On Mon, Jul 8, 2013 at 11:21 PM, Robert Baertsch <rbaertsc(a)ucsc.edu> wrote:
I respectfully disagree, If you want an extensible system, you
always wrap primitive system level calls.
Any tools that opens a file that could be compressed would be affected.
That is a huge number of tools. Do you really want a cottage industry of
tools that have different methods of dealing with compression?
But defining a Python helper function within the Galaxy Python
libraries doesn't achieve that.
Are you talking about patching the OS level POSIX open functions
or something? The tools available in Galaxy are written in a range
of languages including C, Perl, R, etc. Yes, some are in Python,
but of those most are independent of Galaxy and can be used
separately from Galaxy.
Encoding the gzip status in the datatype will create an explosion of
datatypes. Compression is not actually a datatype, it tells you nothing
about the content data that is stored in the file.
What we'd previously discussed was a dual system, holding
the file type as now (e.g. FASTA, SAM, GFF3, etc) and any
compression (e.g., None, normal GZIP, BGZF which is a
GZIP variant, BZIP2, etc).
Galaxy tool wrappers currently define input files with a list
of file types - they'd also have to give a list of supported
compression types (defaulting to none). Likewise for any
output files - if they are already compressed the XML for
the tool wrapper would have to tell Galaxy this.
It is up to the galaxy team to provide a standard way to interact
with compressed files.
That is my preference too - although this could be driven by
the Galaxy community rather than the core team?

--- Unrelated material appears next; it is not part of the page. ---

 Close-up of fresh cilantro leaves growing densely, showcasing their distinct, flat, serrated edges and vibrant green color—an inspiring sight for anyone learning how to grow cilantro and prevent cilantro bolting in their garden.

I see
defining new datatypes like 'gzippedfastq' as a stop gap
special case (but a very practical route for now).
My proposed solution, is a very small change that could
be phased in over time. Any tools that uses open would not support
compressed files, but they would not break on uncompressed files.
Do others have an opinion?
Either I don't understand your plan, or it would only help in
a tiny minority of cases.